Quality before Quantity
To have a democracy, we need:
- citizens: a body politic, a self-aware citizenry;
- sovereignty: the people is sovereign and has to be confirmed as such;
- constitution: sovereign will-formation is, inter alia, made manifest in a corpus of primary law, a constitution;
- legitimacy: the body of citizens is the constitutional subject that bestows legitimacy on its respective state, offering a democratic mandate to its executive and legislative functions;
- accountability: the state’s institutions, bodies, and agencies are held accountable to the people and may never be insulated from the popular will.
I think we do not get any of that, at least not substantively:
- no European demos: European citizenship is inferior to any national citizenship, not least because it does not grant any meaningful rights for the legitimation of the European “state”, or when it does, as in electing Members of the European Parliament, it is severely limited given the Parliament’s secondary, often “rubber stamp” powers in an overarching inter-governmental framework;
- no European sovereignty: there is no state representing the Union (or the EMU) at-large, but only a club of democracies operating in an inter-governmental setup that is largely defined by the intrinsically technocratic principle of “common rules without common politics”;
- no European constitution: the EU/EMU’s primary corpus of law is a set of inter-state Treaties; a system that renders states as the constitutional subjects, leaving citizens with an indirect, marginal, and ancillary role inasmuch as the European level is concerned;
- no outright legitimacy: there is no independent government of the Union; in theory it is the Commission which performs the function of the executive, yet it is provided with a mandate from the inter-governmentalist institution of the European Council; also the legislative function leaves much to be desired as the Parliament cannot initiate legislation, while the Council of the EU is not made up of elected members as it ought to;
- no real accountability: the inter-operation of all these factors makes the broader architecture rather opaque; a flaw compounded by the fact that, in the absence of a proper European state, technocrats have too wide a margin for passing value judgements that profoundly affect the lives of citizens, without being held sufficiently accountable by anyone, and without their scope of discretion being subject to review through ordinary parliamentary procedures (Treaty amendments are necessary and they require unanimity among Member States).
“Democratic deficit” presupposes a democracy
My point is that the notion of a “democratic deficit” is meaningful only when applied to political entities that, while being predicated on republican principles, fail to meet an adequate standard in their day-to-day activities.

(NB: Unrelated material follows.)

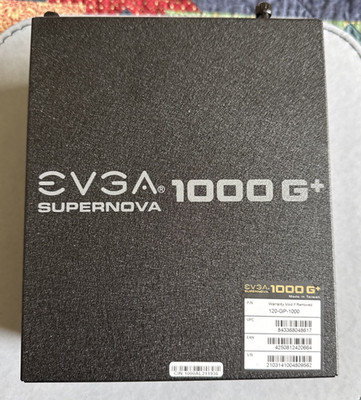 EVGA SuperNOVA 1000 G+ ATX Modular 1000W Power Supply 24 Pin PCIe SATA - Mint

A mature democracy can fall short of its normative objectives. There may be corruption, corporatism, clientelism, partitocracy etc. These actually debase effective democratic rule and, thus, engender the need for reform, primarily of the quantitative sort: of configuring secondary parameters, such as increasing transparency or re-evaluating the incentives’ structure, in an otherwise constant context of representative democracy.
The EU/EMU does not have a “democratic deficit” because it does not work as a modern republic. It must first become one. For the time being, it is a quasi-confederal technocracy, suffering from the emergent contradiction of a sovereignty mismatch between its inadequate supra-national design and a European body politic yet-to-be.
As with a previous critique of the inaccurate notion of “shared sovereignty”, the present post is not meant to question the intentions of those who use or have used the concept of “democratic deficit”—present author included—but only to clarify what exactly is the problem with the outcomes of European integration as they currently stand.
Let us not use obfuscatory discourse, so that we may name things what they are. That, I believe, is the first step towards improving our political order.